Problem description
Write out the data exactly as given, dropping every picture.

Data provided

● ● ● ●

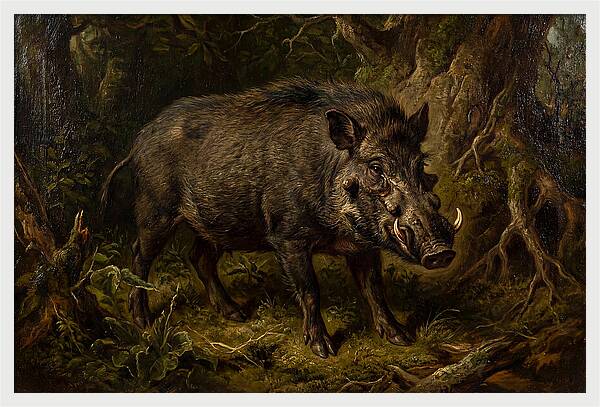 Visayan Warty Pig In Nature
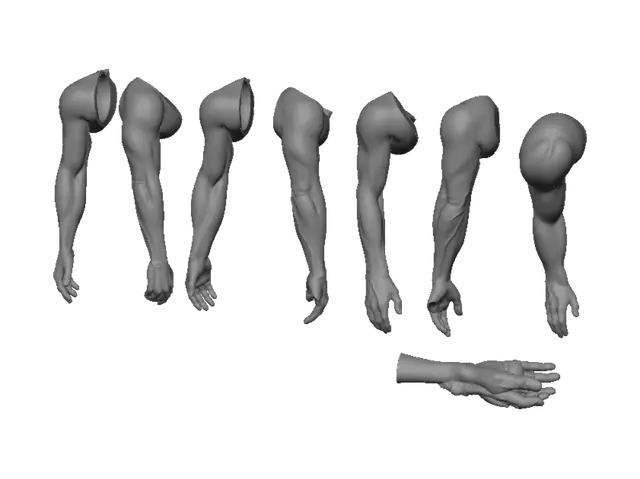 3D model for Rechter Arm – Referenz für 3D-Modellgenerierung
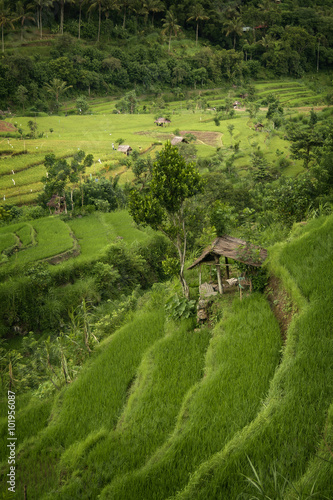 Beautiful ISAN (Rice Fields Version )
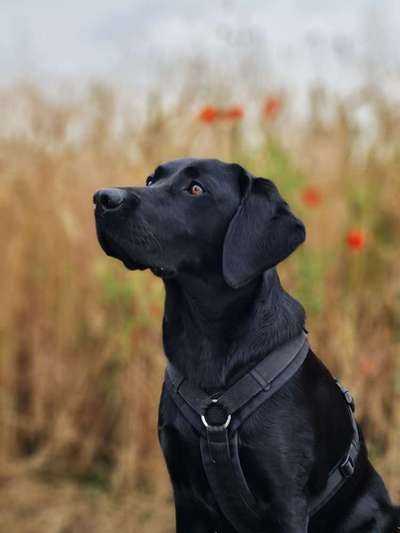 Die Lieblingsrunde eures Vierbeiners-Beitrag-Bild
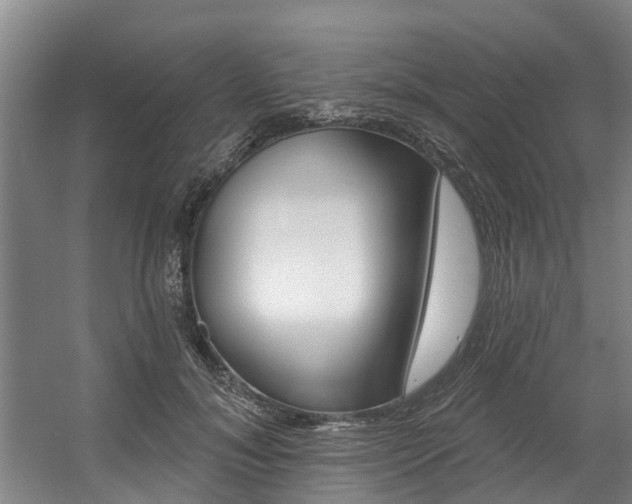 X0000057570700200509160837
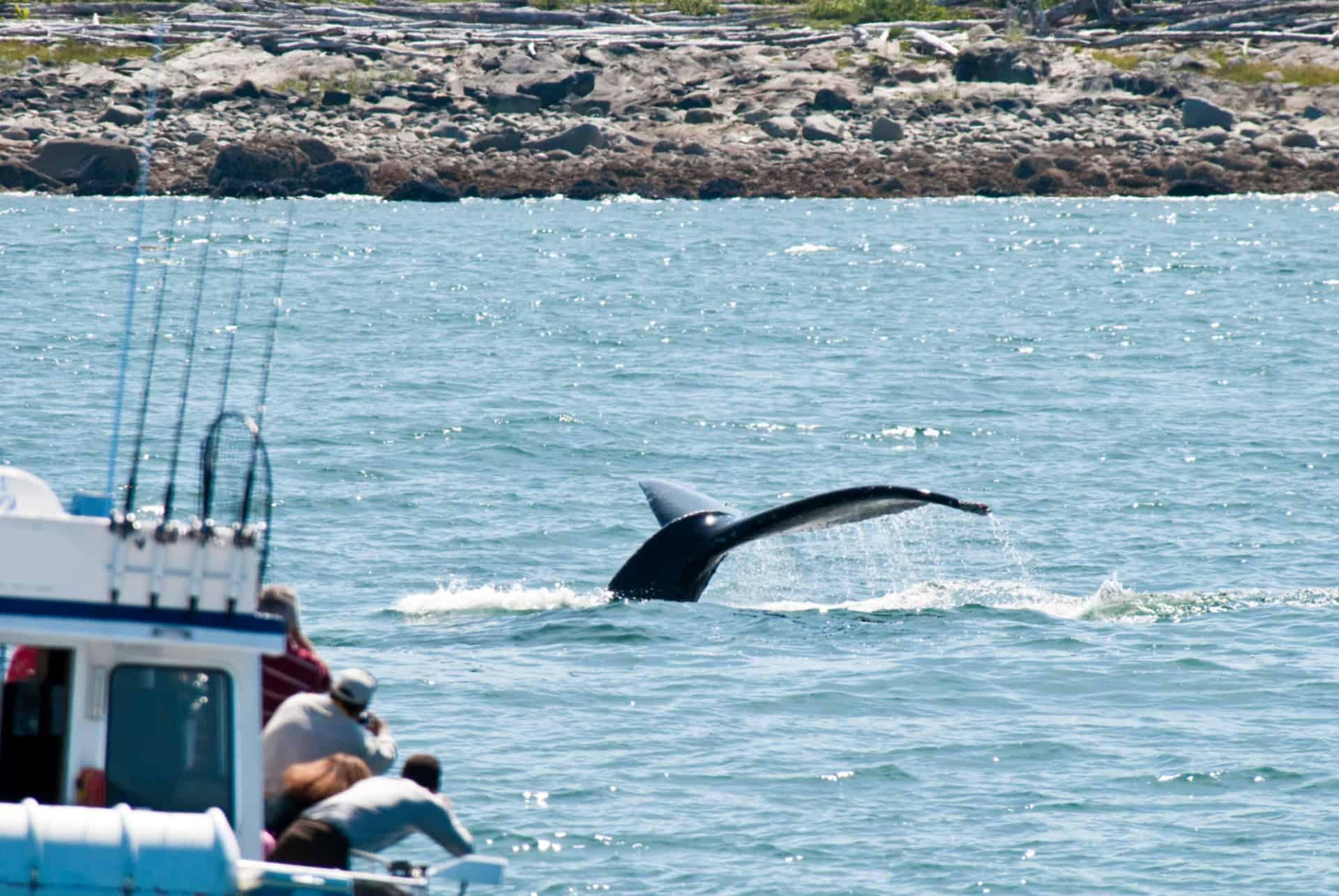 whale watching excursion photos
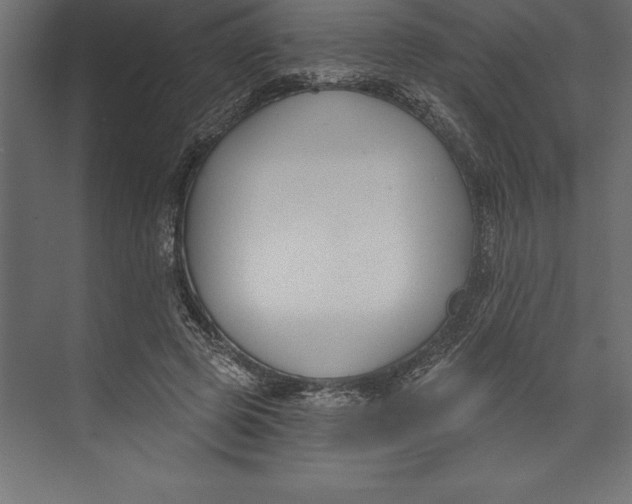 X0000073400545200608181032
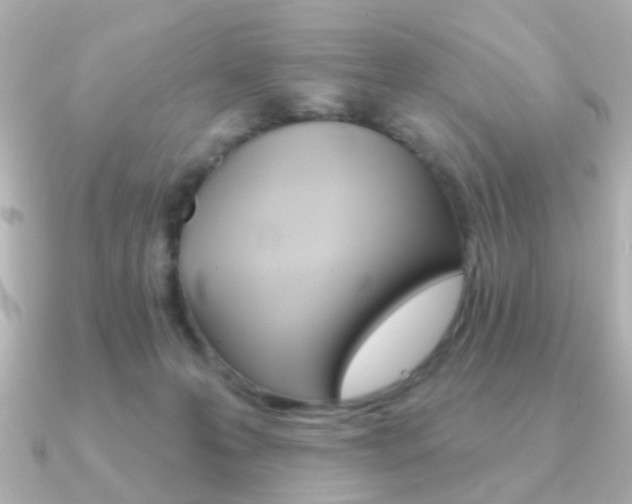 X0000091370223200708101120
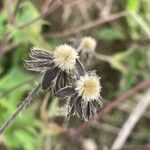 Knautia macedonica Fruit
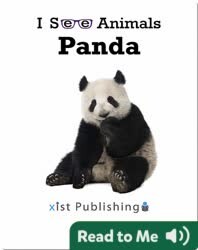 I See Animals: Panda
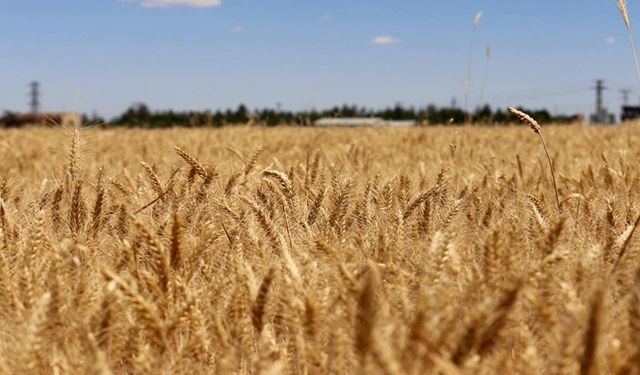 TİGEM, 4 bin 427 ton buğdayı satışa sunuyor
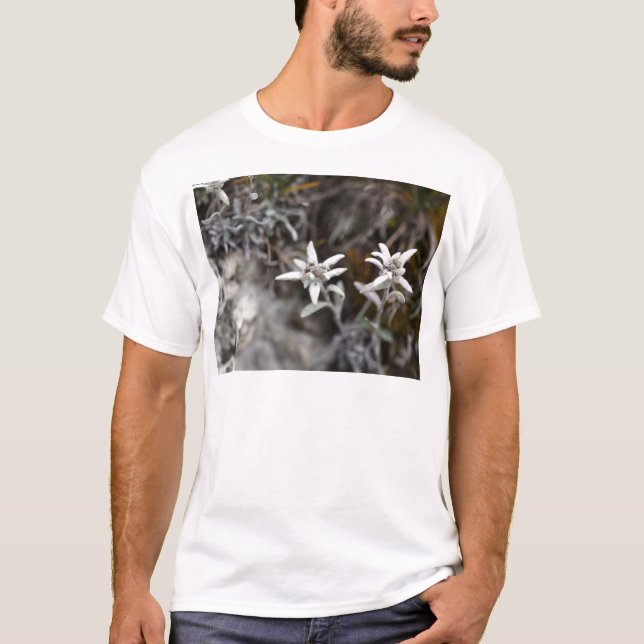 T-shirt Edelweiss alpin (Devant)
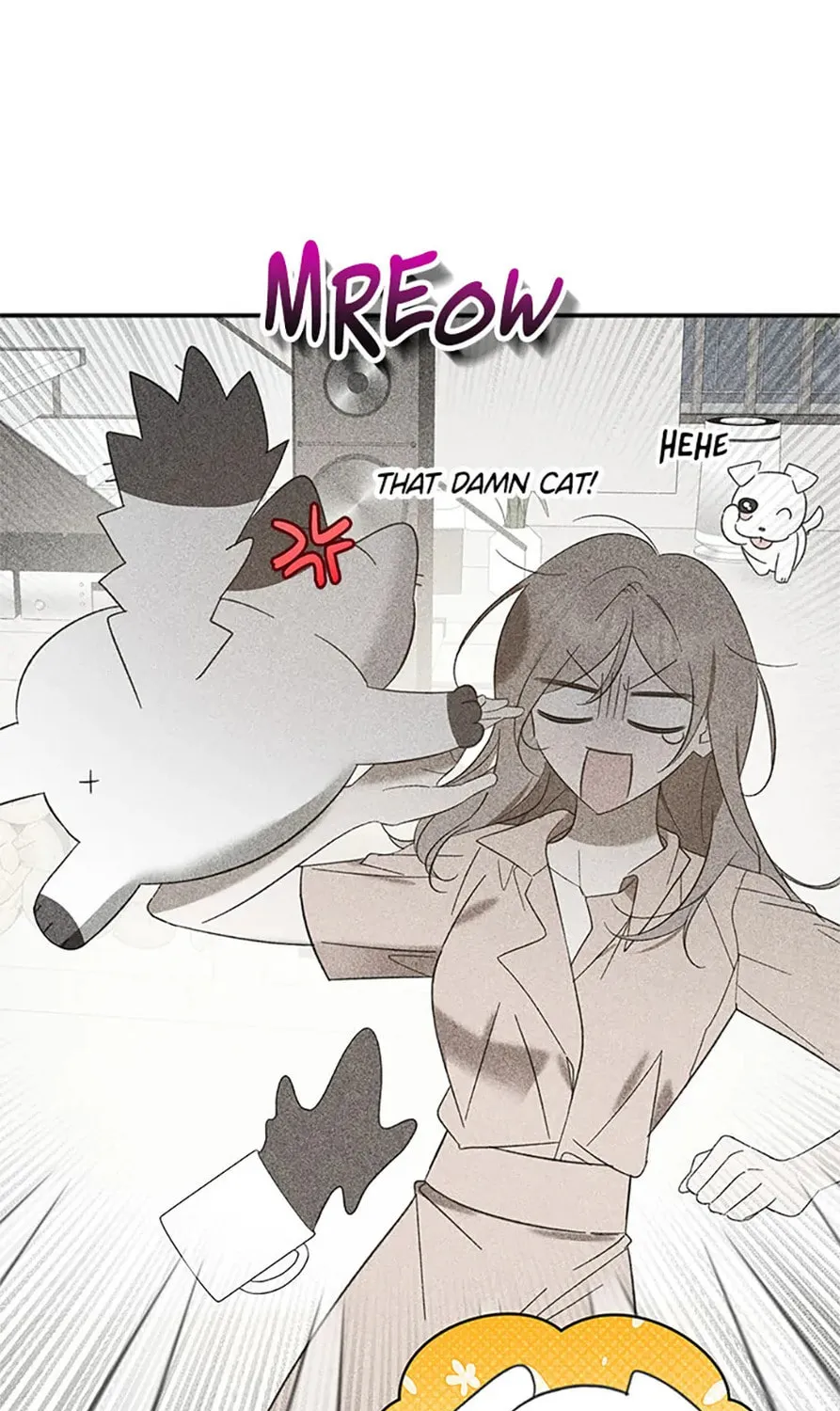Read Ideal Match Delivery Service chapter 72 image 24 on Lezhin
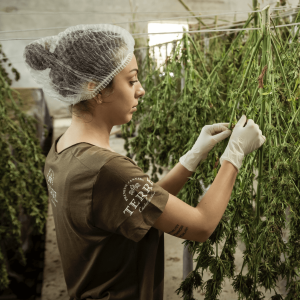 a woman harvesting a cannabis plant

● ● ● ●

Answer section
 Visayan Warty Pig In Nature
 3D model for Rechter Arm – Referenz für 3D-Modellgenerierung
 Beautiful ISAN (Rice Fields Version )
 Die Lieblingsrunde eures Vierbeiners-Beitrag-Bild
 X0000057570700200509160837
 whale watching excursion photos
 X0000073400545200608181032
 X0000091370223200708101120
 Knautia macedonica Fruit
 I See Animals: Panda
 TİGEM, 4 bin 427 ton buğdayı satışa sunuyor
 T-shirt Edelweiss alpin (Devant)
Read Ideal Match Delivery Service chapter 72 image 24 on Lezhin
 a woman harvesting a cannabis plant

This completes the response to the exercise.